Do we just define a ton of custom activies that a user can move into a workflow? How can we make it as easy as possible for a user to build the workflow?
We have and application that we want to allow, Joe / Jane user to create their own workflows for specific items. For example, Request For Information items. The RFI has specific states it can be in that are defined by the user. They should be allowed to control the flow based on those states. There will be some base items that the application defines as to what will happen based on a decision / condition. So, things like notifications (who gets notified when something changes), time frames (how long something can stay in a certain state before something else happens), and possibly some other conditions. The conditions / decision types will be limited by the application, for now. But imagine they can build the workflow and add those decisions / conditions in without any coding knowledge.
I just don’t know how we can leverage WF4 in this way. Maybe I am looking at WF4 the wrong way?
WF4 is capable of handling the workflows, but you need a simplified workflow editor to make the creation/modification of workflows available to end users. This is possible with WF4.
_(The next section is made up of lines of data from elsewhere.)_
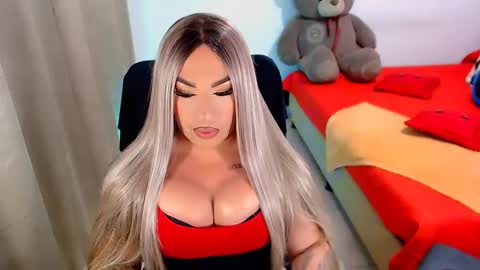    online show from 03.01.25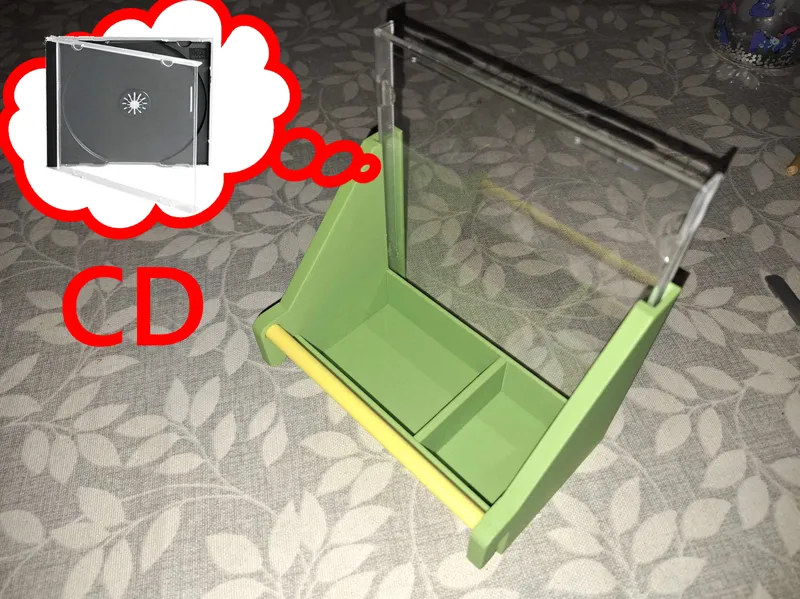 Bird feeder with CD to avoid dirt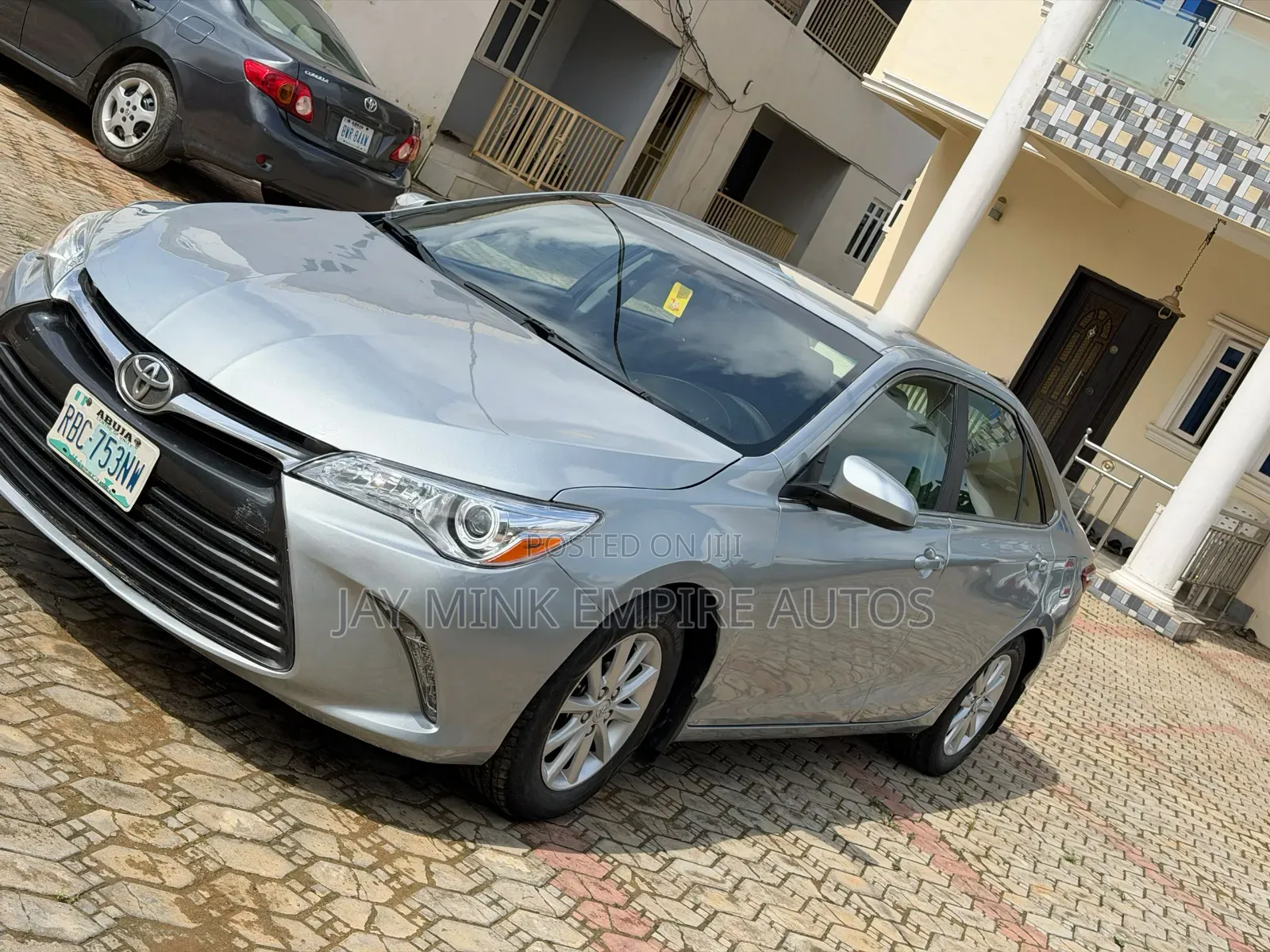 Toyota Camry 2016 Silver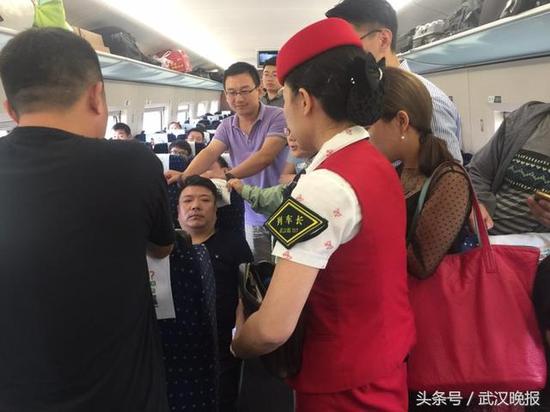 乘客被救醒 通讯员周运华 摄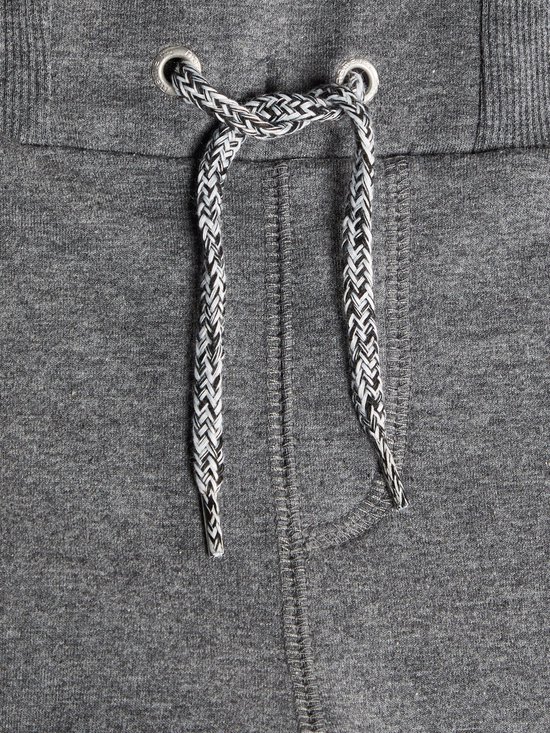 Close-up van de koordjes met zwart-witte print van een donkergrijze joggingbroek.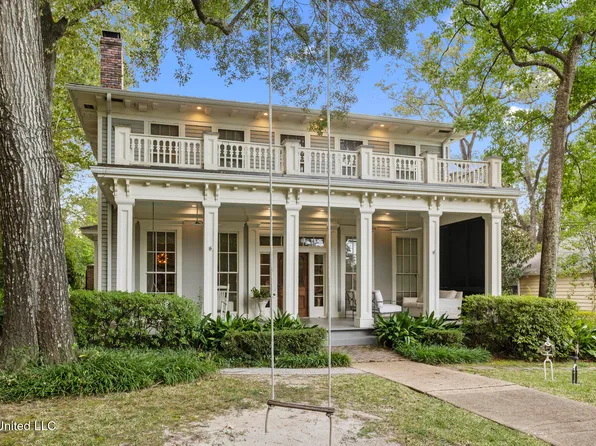 1017 Pinehurst Pl, Jackson, MS 39202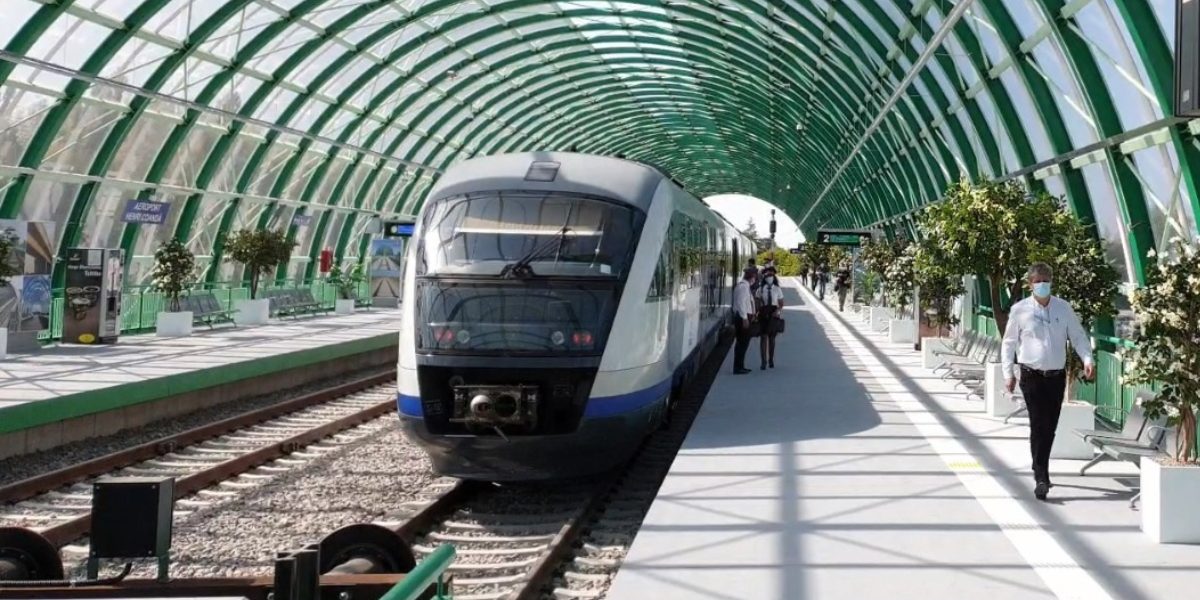 Tren deviat spre Otopeni: Pasageri, nevoiți să meargă pe jos din cauza unei erori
If end-user definition and management of workflows is a requirement of your application then I believe WF4 can be made to work in your case. It is possible to programmatically create and modify WF4 workflows before they are executed.
The best overall design might be a "workflow template" model where predefined workflows are provided by developers and expert users, then customized by end-users. Users could configure "skeleton" workflows selected from a library of predefined templates. This could get fairly complicated depending on your requirements.
On a side-note: the WF4 workflow designer is "hostable" in a Windows Forms/WPF application. Expert users can define new workflows without having to use Visual Studio.